■ TASK GOAL
Going line by line through the records below, write out everything starting with the line containing "サンダーex / Zapdos ex (SV2A-204)[JP/NM]" and going on through the line containing "為讓屁屁免受流膿之痛，曲靖東大肛腸醫(yī)院教你如何預防肛周膿腫", exactly and inclusively. Pictures do not go in.

■ PROVIDED RECORDS

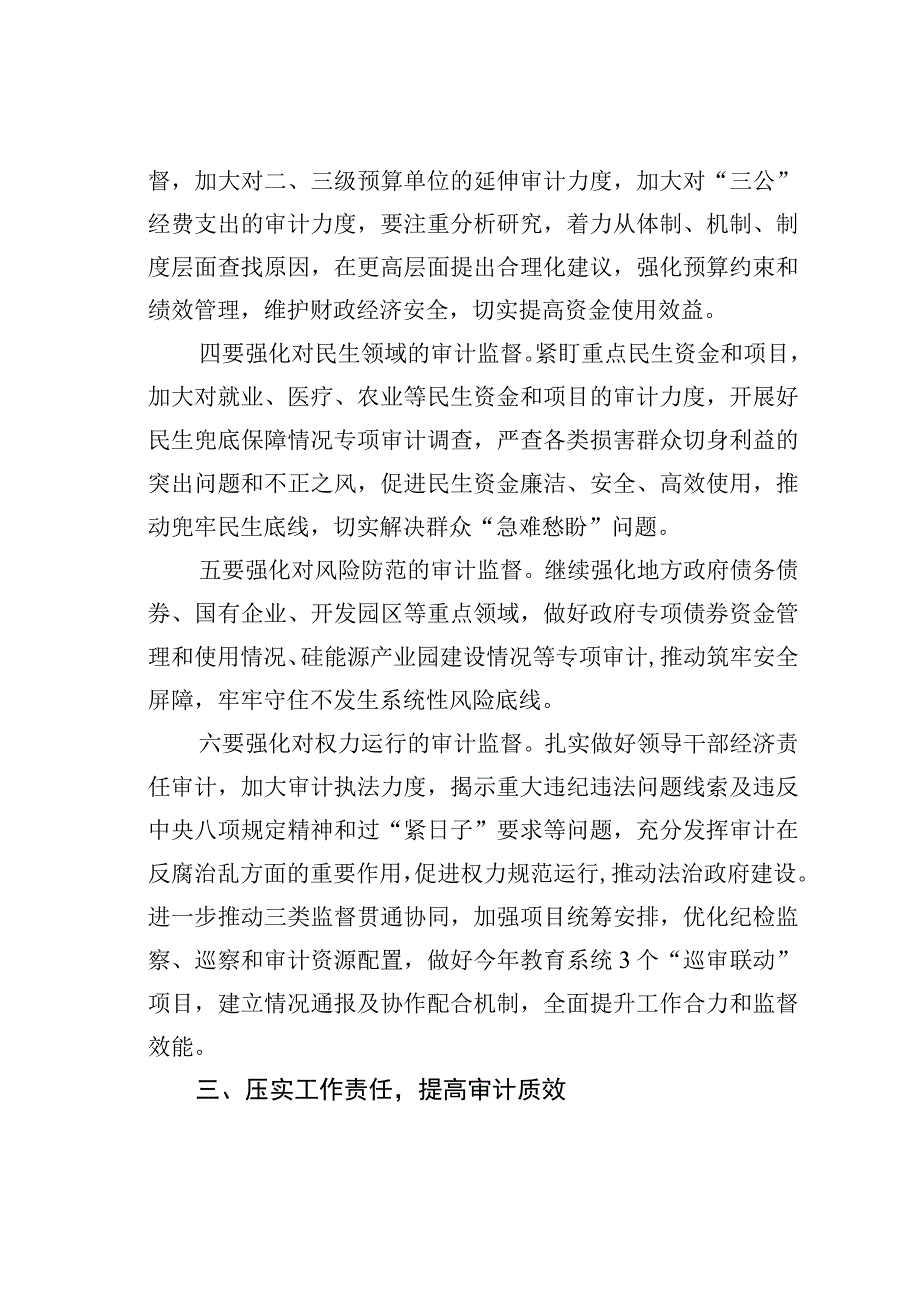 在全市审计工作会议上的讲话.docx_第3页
---
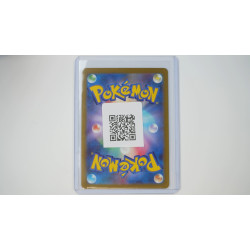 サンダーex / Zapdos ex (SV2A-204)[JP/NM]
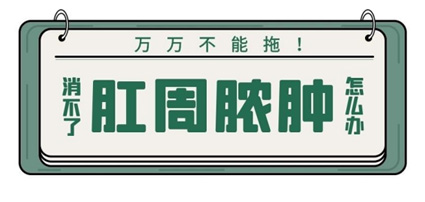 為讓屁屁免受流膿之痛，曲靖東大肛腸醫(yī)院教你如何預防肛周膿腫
---
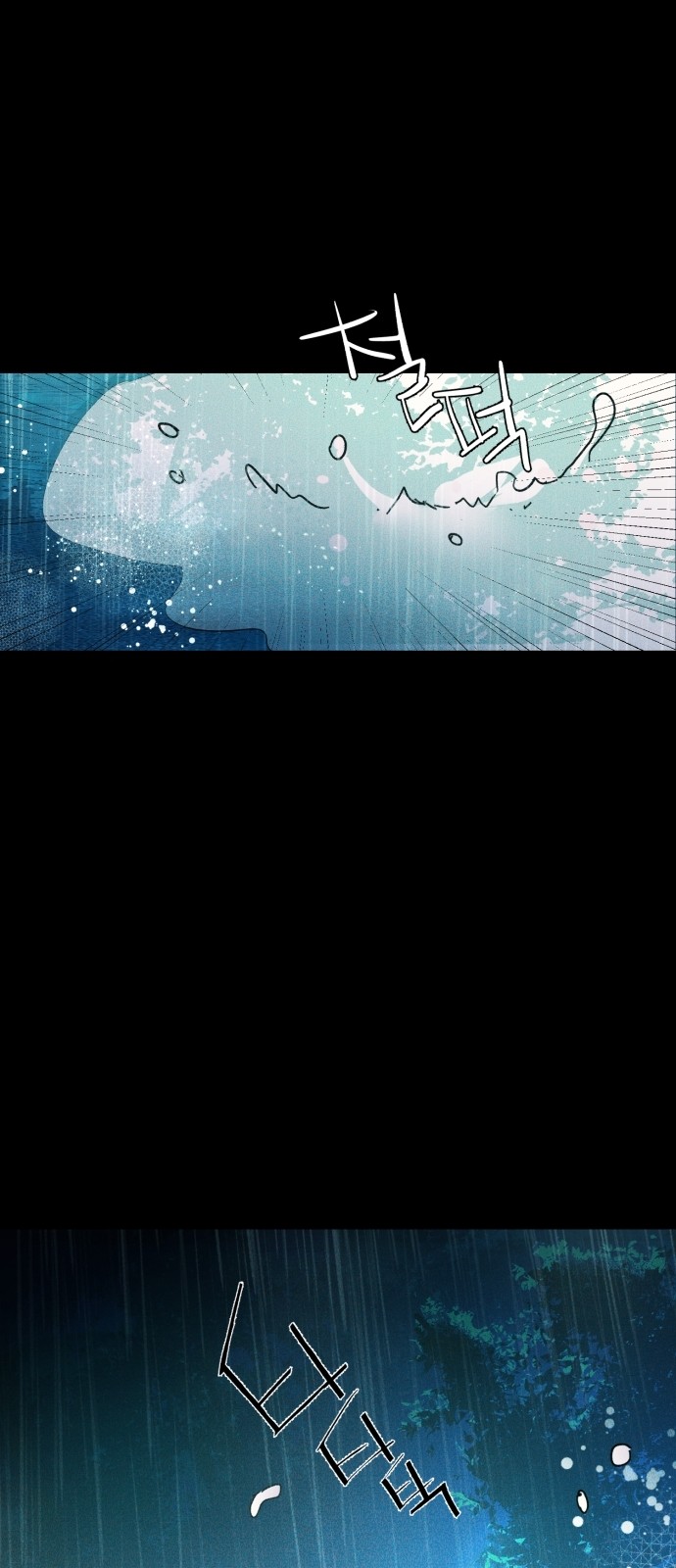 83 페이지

■ RESULT
 サンダーex / Zapdos ex (SV2A-204)[JP/NM]
 為讓屁屁免受流膿之痛，曲靖東大肛腸醫(yī)院教你如何預防肛周膿腫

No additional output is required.